Против правил (сборник) - страница 19
В «Чемодане» Довлатов полностью освободился от «литературности», описательности. Остался человеческий голос, рассказывающий истории. И только. Кажется, Солоухин писал, что лучше сырых рыжиков с солью он не ел блюда. Рассказы цикла «Чемодан» и есть такие «рыжики с солью». Чистый продукт. Можно было бы написать целую историю сказа в русской литературе – от «Левши» Лескова до «Чемодана» Довлатова. Как постепенно «сказитель» приближается к читателю, едва ли не сливается с ним. Лесковский «выдумщик и языкотворец», зощенковский «полудурок», платоновский «юродивый» и, наконец, советский «люмпен-интеллигент», такой же, как мы… Но попытайтесь пересказать новеллу Довлатова – и вы убедитесь, насколько это трудно, насколько обманчива иллюзия простого, примитивного, «неокрашенного» языка.
Этот «неокрашенный», «усредненный» язык – результат довольно любопытной эволюции. Довлатов скорее соединяющий, чем разрывающий разные линии литературного развития писатель, вот почему так интересно посмотреть его литературную «родословную». У Довлатова не отвержение русской традиции, а парадоксальное ее соединение с традицией американской. Рассказы Довлатова – это спираль и реторта литературного эксперимента, в результате которого появляется продукция массового потребления. Учителем Довлатова был Меттер, объясняющий: «Не думайте о “проходимости” своих рассказов. Запомните: напечататься – не главное. Главное – хорошо написать». Это пусть и вынужденная, но элитарная, эстетская позиция. И Довлатов – эстет, не позволяющий себе ни одной неотделанной, необработанной фразы. И. Соловьева написала о первых рассказах Довлатова, присланных в «Новый мир»: «…На рассказах Довлатова лежит особый узнаваемый лоск „прозы для своих”». Нам, прочитавшим «Иностранку» и «Чемодан», кажется странным это определение. Пройдя искус эстетизма, Довлатов оказался перед необходимостью масскульта. Ибо – Америка, рынок… «Ты – дерьмо, а не писатель, если ты пишешь неинтересно и тебя не печатают». Довлатов смог стать эстетским и одновременно массовым, демократическим писателем. Он бы не стал гордиться, подобно Вл. Сорокину, тем, что наборщики отказались работать с его книгой; напротив, подобно Гоголю, он бы гордился тем, что наборщики хохотали над его книгой. Вообразите себе Оскара Уайльда, научившегося писать, как О. Генри, Пруста, захотевшего, чтобы его «Поиски утраченного времени» читались в трамвае.

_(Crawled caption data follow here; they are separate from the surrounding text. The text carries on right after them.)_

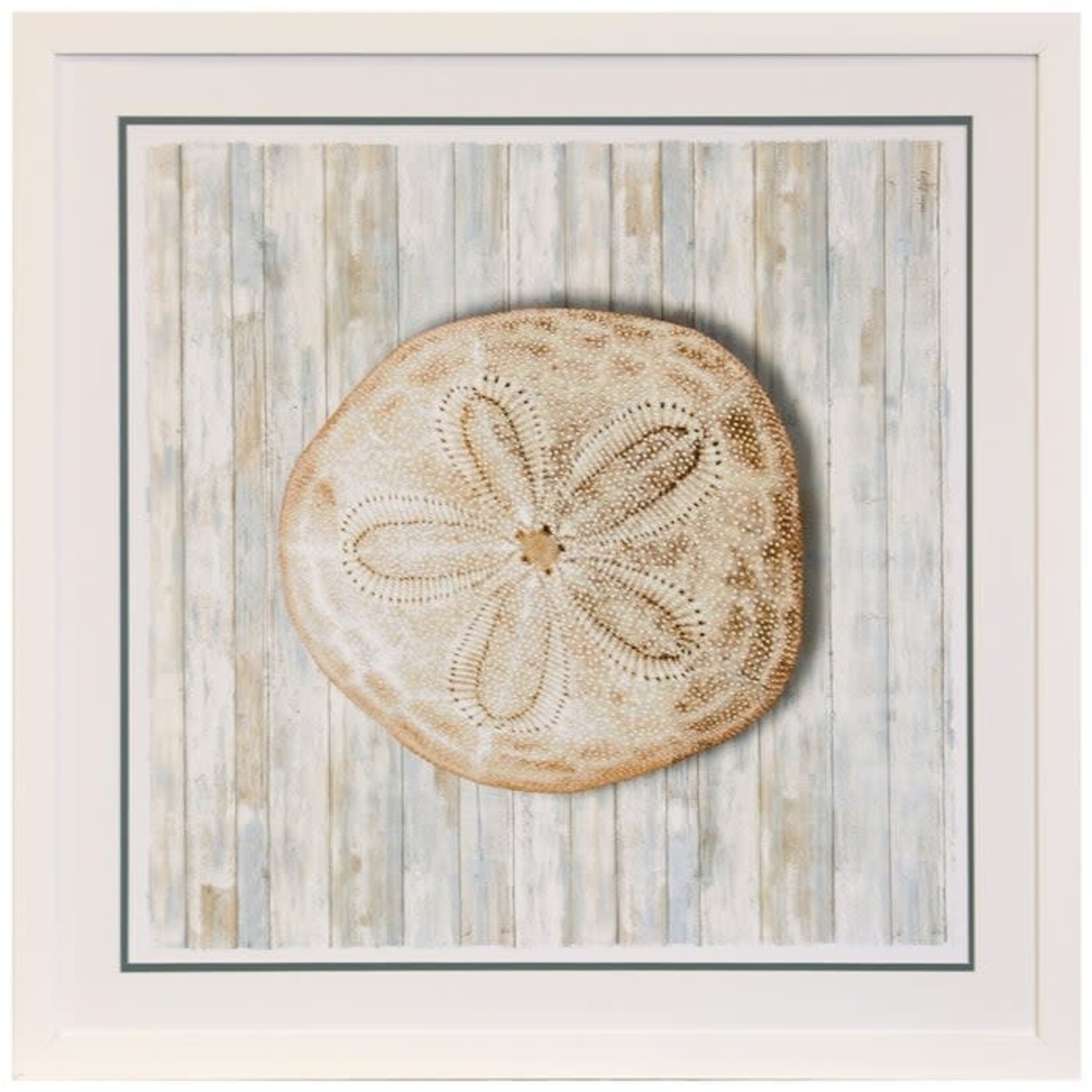 Stylecraft Seashells III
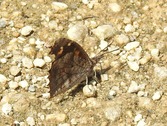 20260519s092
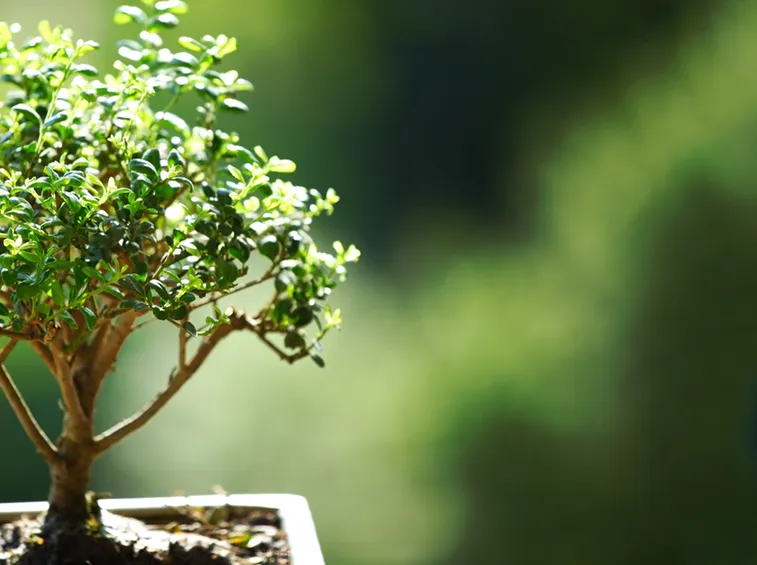 potare un bonsai ficus-2
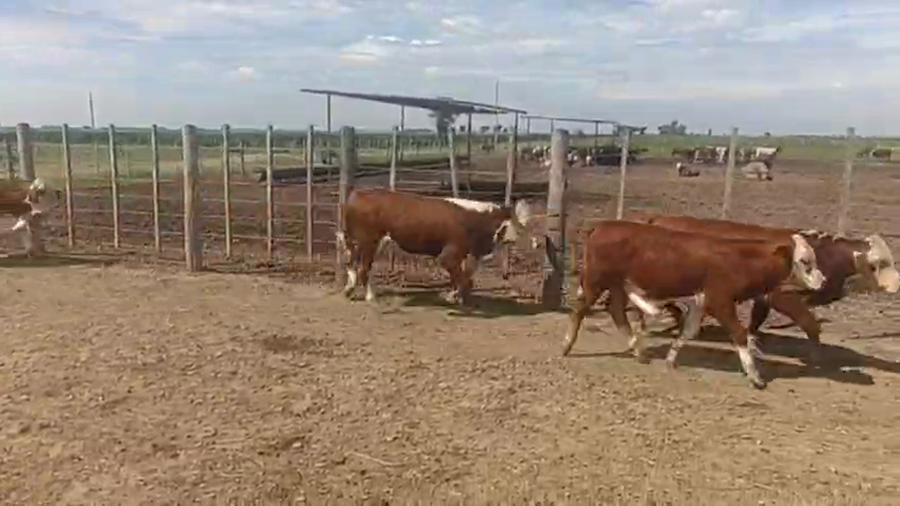 Lote 70 Terneros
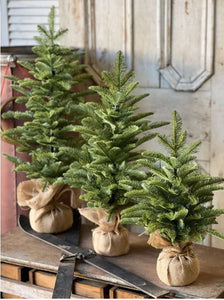 Christmas Shetland Spruce Tree 20"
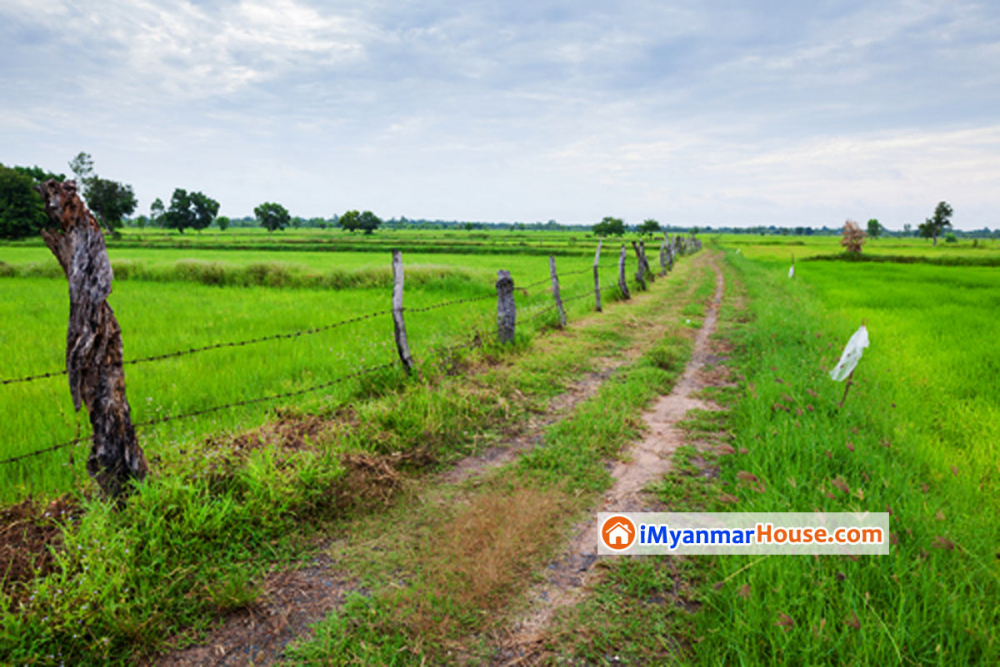 တမူထူးခြား သန်လျင် ဗိုလ်ချုပ်ရွာသစ်က မြေကွက်များ - Property Knowledge in Myanmar from iMyanmarHouse.com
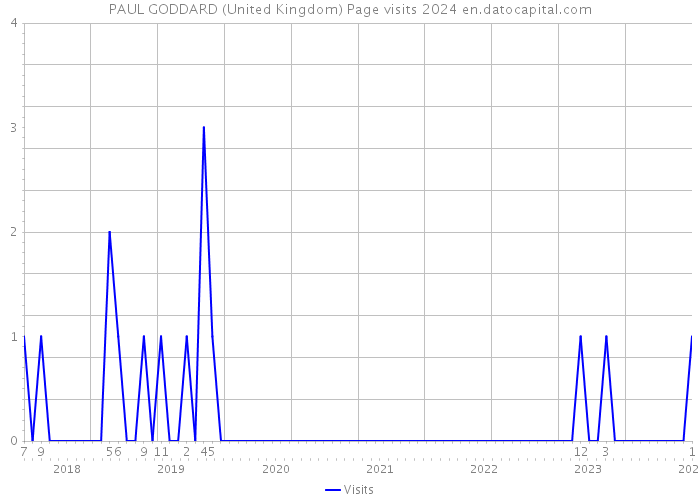 PAUL GODDARD (United Kingdom) Page visits 2024 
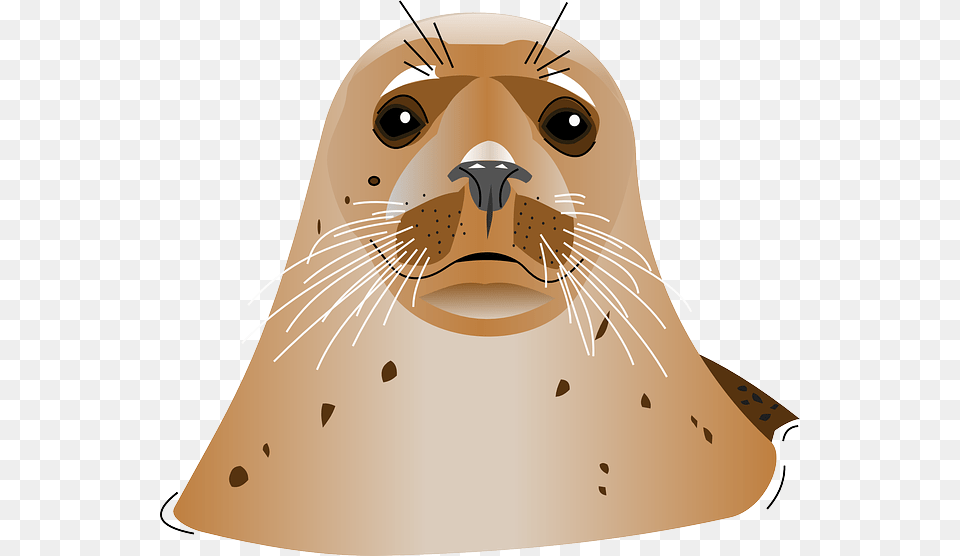 Harbor Seal, Animal, Mammal, Sea Life, Sea Lion Free Png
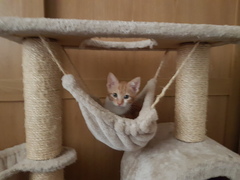 What's your dcat doing today?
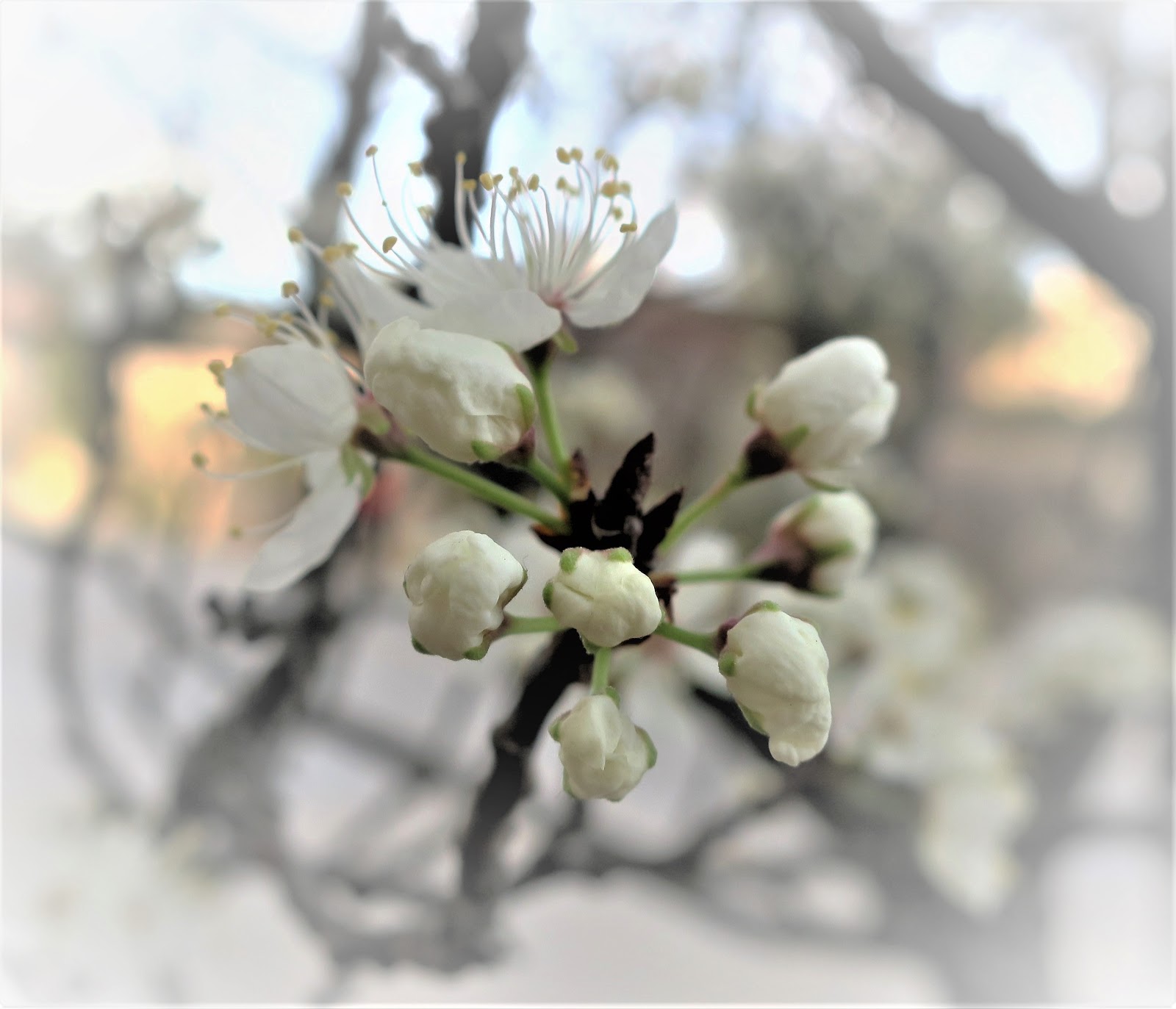 Living Rootless El Paso UTEP Trees Like a Spring Bride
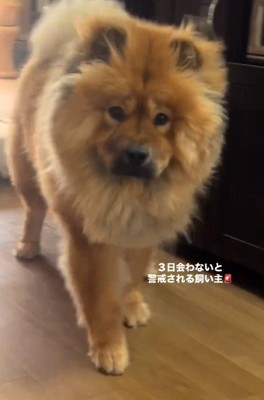 至近距離まできたうーちゃん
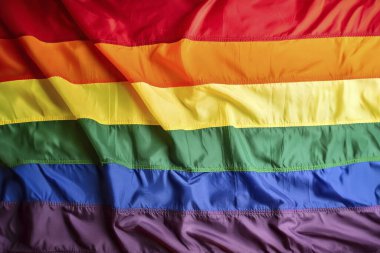 LGBT. 2024. LGTB. Lgbt bayrağı, gey, lezbiyen, lgbtq bayrağı. Eşcinsel gurur sembolü. Arka planda gökkuşağı renginde Lgbt yumruğu. Karşılıklı desteğin sembolü. Kalp gökkuşağı. Bayrak taşıyan kadın ve erkekler.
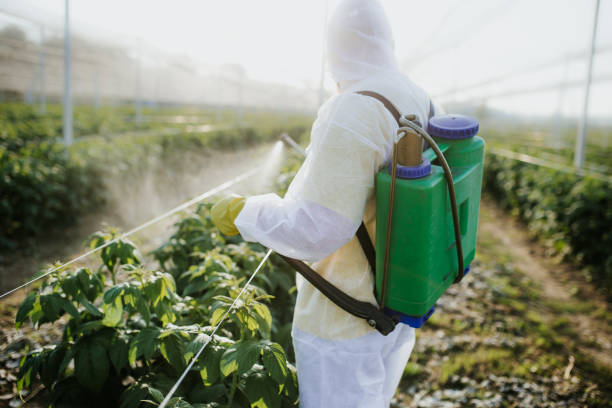 Best Pest Inspection Near Me  in Tice, FL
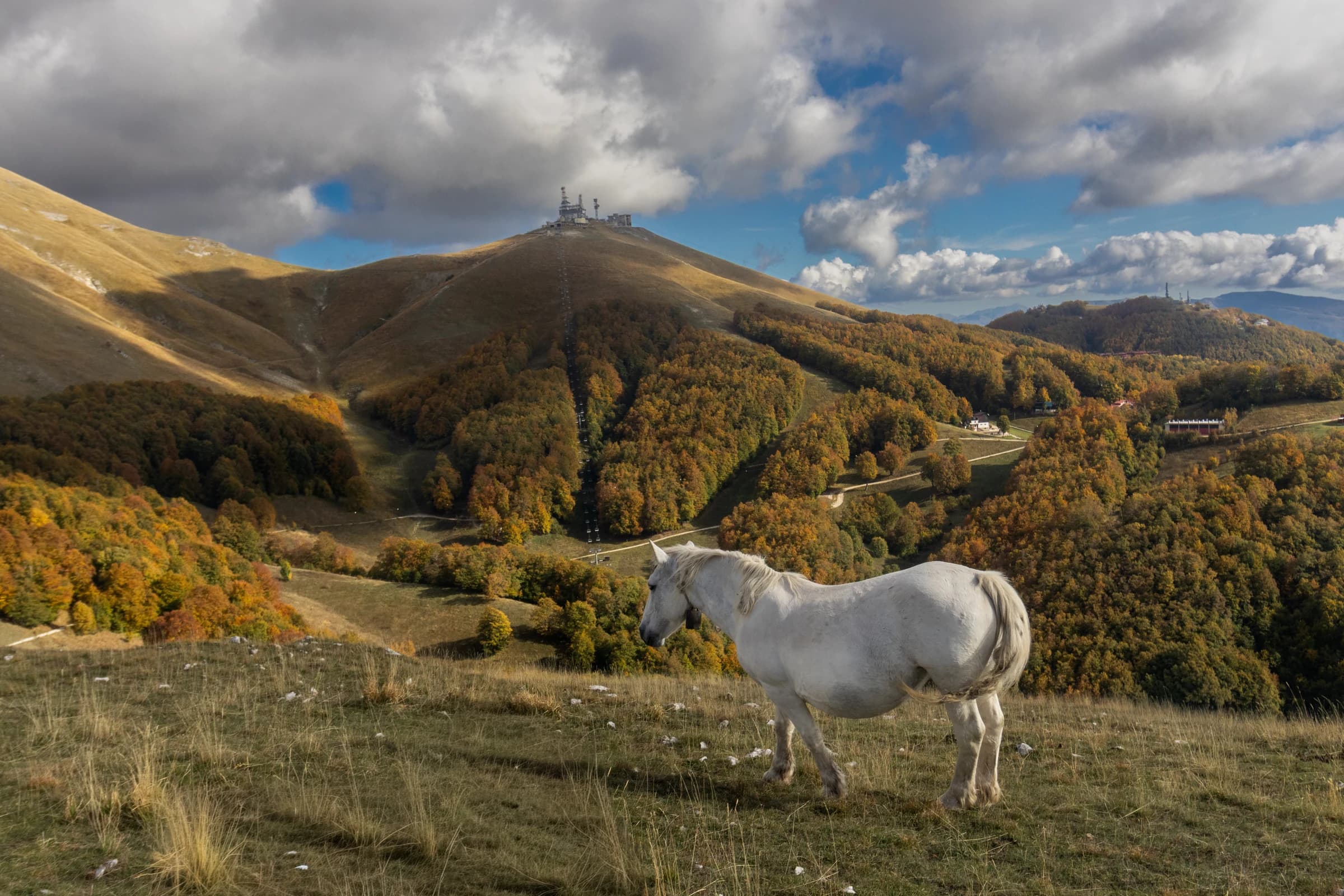 Orizontul tăcut
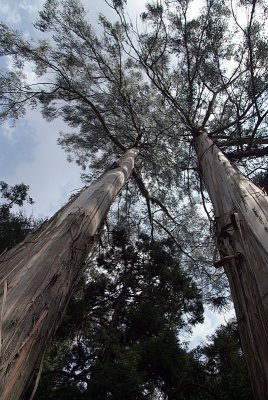 Tall Eucalypts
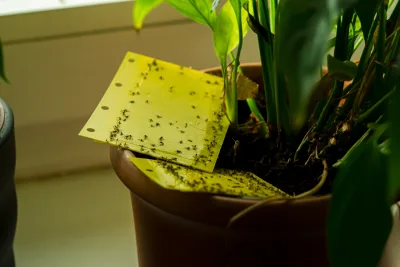 Fungus gnats, um problema comum nas plantas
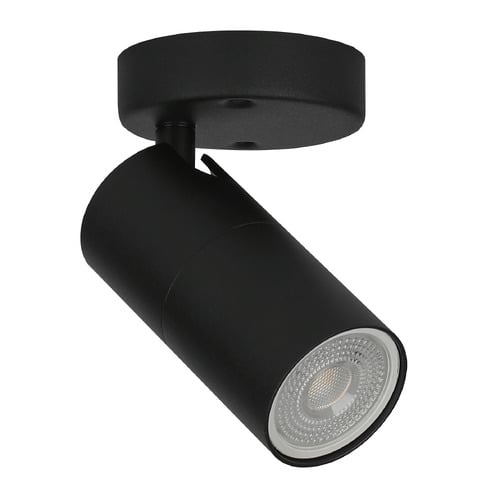Liora Adjustable Spotlight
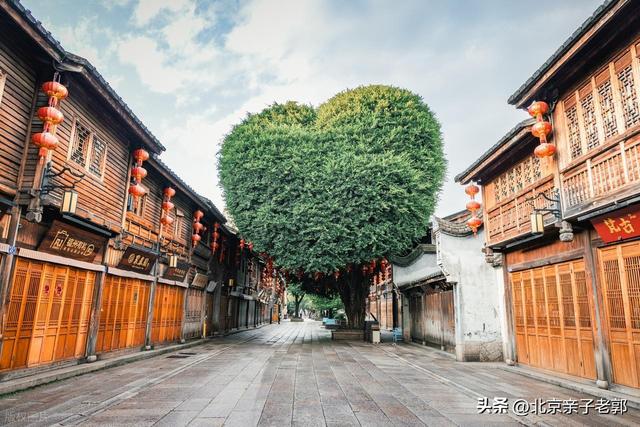 冬季旅游，带老人出游指南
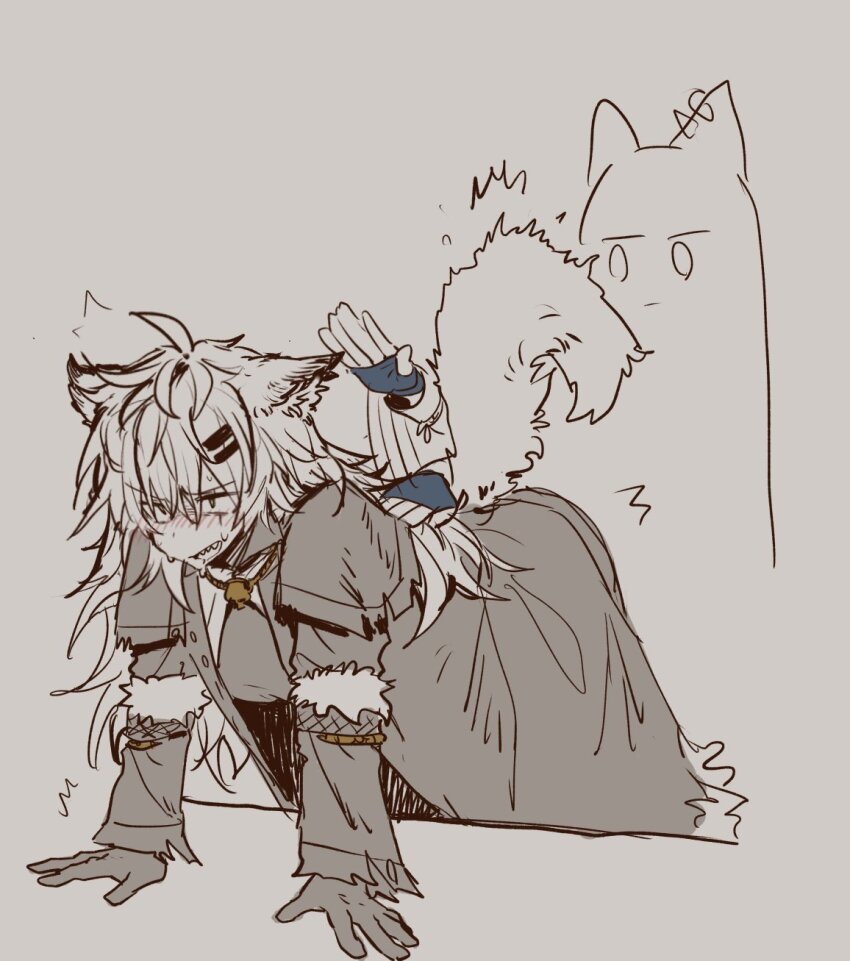 2girls, animal_ear_fluff, animal_ears, arknights, blush, coat, drooling, fingerless_gloves, fur-trimmed_coat, fur_trim, gloves, hands_on_ground, highres, implied_yuri, lappland_(arknights), lappland_(refined_horrormare)_(arknights), long_hair, long_sleeves, mouth_drool, multiple_girls, mutomorokoshi, open_clothes, open_coat, open_mouth, partially_colored, patting, scar, scar_across_eye, scar_on_face, sharp_teeth, simple_background, solo_focus, tail, tail_wagging, teeth, texas_(arknights), touching_tail, white_hair, wolf_ears, wolf_girl, wolf_tail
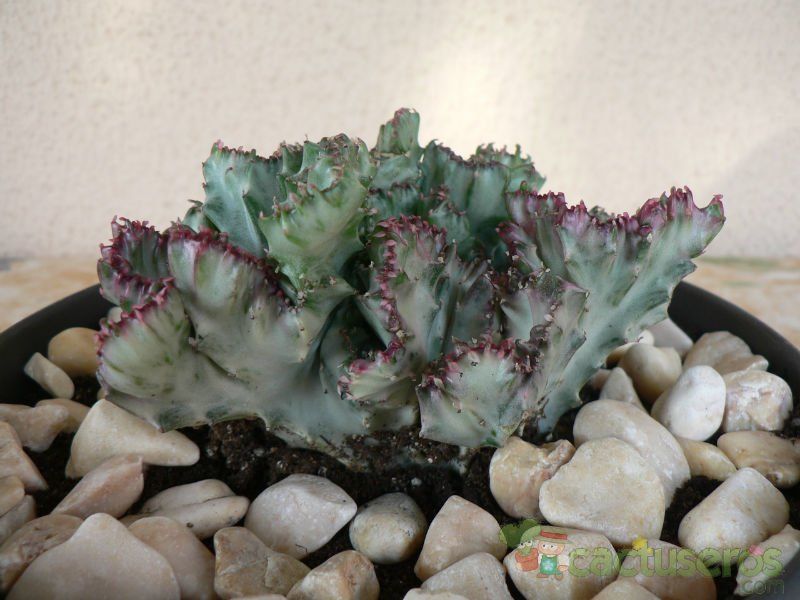 Una foto de Euphorbia lactea fma. crestada variegada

Довлатов соединяет разнородные вещи. Бориса Житкова и Франца Кафку, например. Ибо первое, что приходит на ум, когда думаешь о традиции, в которой сформировался Сергей Довлатов, – это советская детская литература. Он сам, будто посмеиваясь, подсказывает нам своих предшественников. «Воспоминания, которые следовало бы назвать – „От Маркса к Бродскому”. Или, допустим, – „Что я нажил”. Или, скажем, просто – „Чемодан”». «Что я нажил» – это ведь перифраза названий циклов Житкова «Что бывало» и «Что я видел». Прежде в «детскую наивность» уходили от «взрослой лжи». Пользуясь умолчаниями (ведь пишу для маленьких!), говорили о чем-то таком, в чем не рисковали признаться самим себе (см. анализ «Судьбы барабанщика» в статье М. Чудаковой «Сквозь звезды к терниям»). Довлатов поступал наоборот. «Детской наивностью» разрушал «взрослую ложь». Приемами детской литературы Довлатов пользовался не для того, чтобы что-то скрыть, а напротив – сказать все до конца, поставить все точки над «и». «Для себя» обэриуты писали мрачные, абсурдистские, жестокие произведения. В литературе для детей мрачный абсурд обэриутов, их кафкианский ужас перед жизнью превращались в прелестную добрую нелепицу. Довлатов умудрился соединить мрачные вещи обэриутов «для себя» с их светлыми, смешными вещами для детей. Герой Довлатова – не то господин К., над коим зависло копыто государства, не то бывалый человек из «Что я видел».